Inteligentny człowiek nie musi czytać dwa razy, żeby zrozumieć,
Inteligentny człowiek rozumie też dlaczego pan z postu z góry zupełnie pominął fakt, że pierwotnie oglądał tylko fragment (i to niezbyt dokładnie) natomiast wypunktował całą walkę."
Najwyrazniej wiec inteligentny nie jestes, gdyz moje punktowanie walki, ktora ogladalem po raz pierwszy niezbyt dokladnie, wcale niczym nie rozni sie od tego co robi wiekszosc z was ogladajac streamiki i komentujac na tym forum. Ja staram sie zawsze kazdy pojedynek ogladac bardzo uwaznie, wiec dlatego tez napisalem uczciwie, ze moje pierwsze ogladanie nie bylo dokladne, by nie powiedziec fragmentaryczne. Nie bylo jednak az tak zle, gdyz ocenilem przebieg tego rewanzu bardzo dokladnie juz po pierwszym razie a ponowne I dokladne obejrzenie utwierdzilo mnie w przekonaniu, iz mialem absolutna racje.

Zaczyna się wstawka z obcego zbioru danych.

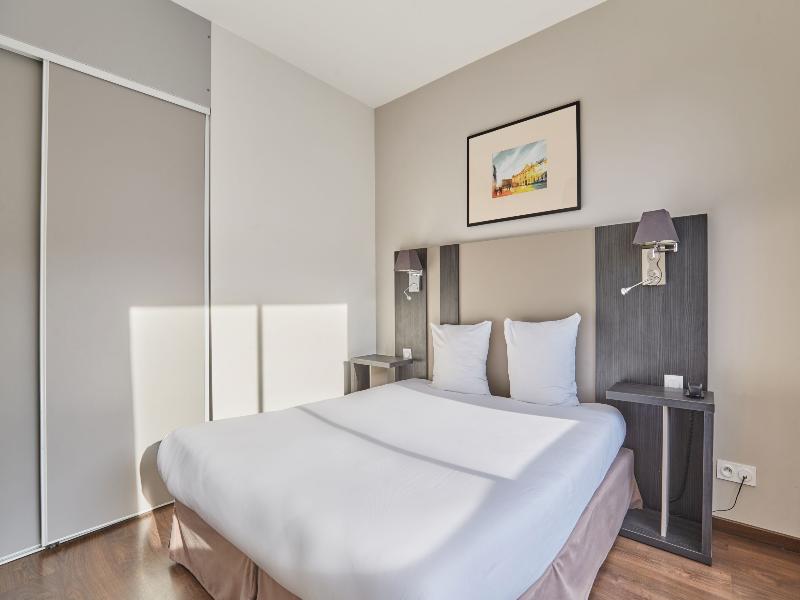 Appart’hôtel Odalys City - Toulouse Centre Gare - Oda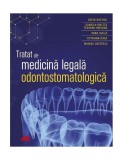 Tratat de medicină legală odontostomatologică - Paperback brosat - Octavian Buda, Daniela-Violeta Răghină-Teodoru, Mihnea Costescu, Oana Isailă - All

Czegos jeszcze nie rozumiesz? Jakies dodoatkowe wyjasnienia potrzebne sa tobie bys mogl spokojnie spac chlopcze drogi...lol...
Tylko totalny głupek, gdy kompromitacja jasna, widoczna i klarowna, ewidentna, brnie dalej, wychodząc na jeszcze większego durnia."
Pisalem juz o ewidentnym braku edukacji I znajomosci jezyka polskiego I co prawda nie jestes w tym odosobniony, to jestes w grupie natretow a to samo w sobie sklania mnie do poswiecenia ci wiekszej uwagi. Mam nadzieje, ze to ci pomoze w dalszej ewolucji.
Pozdrowionka sympatyczny kolego, gdyz od "durniow" nie bede cie wyzywal z prostego bardzo powodu, by zaznaczyc poziom kultury osobistej i klasy.
W takim razie jesteś w pełni usprawiedliwiony, a mi pozostaje napisać jedynie...wow. Jak na trzeci język (a nawet drugi) fenomenalnie władasz pisaną polszczyzną! Niejeden rodzimy uczeń szkoły wyższej poczułby się zawstydzony. Natomiast odnośnie samego wyrazu i jego możliwości trafienia do obiegu- słowo to już funkcjonuje, jak wspominałem, w tekstach tłumaczonych, tak więc czy to w swoim ontologicznym znaczeniu czy zupełnie nowym, potocznym - jak najbardziej.
Pozdrawiam i życzę dalszych sukcesów w odkrywaniu naszego języka.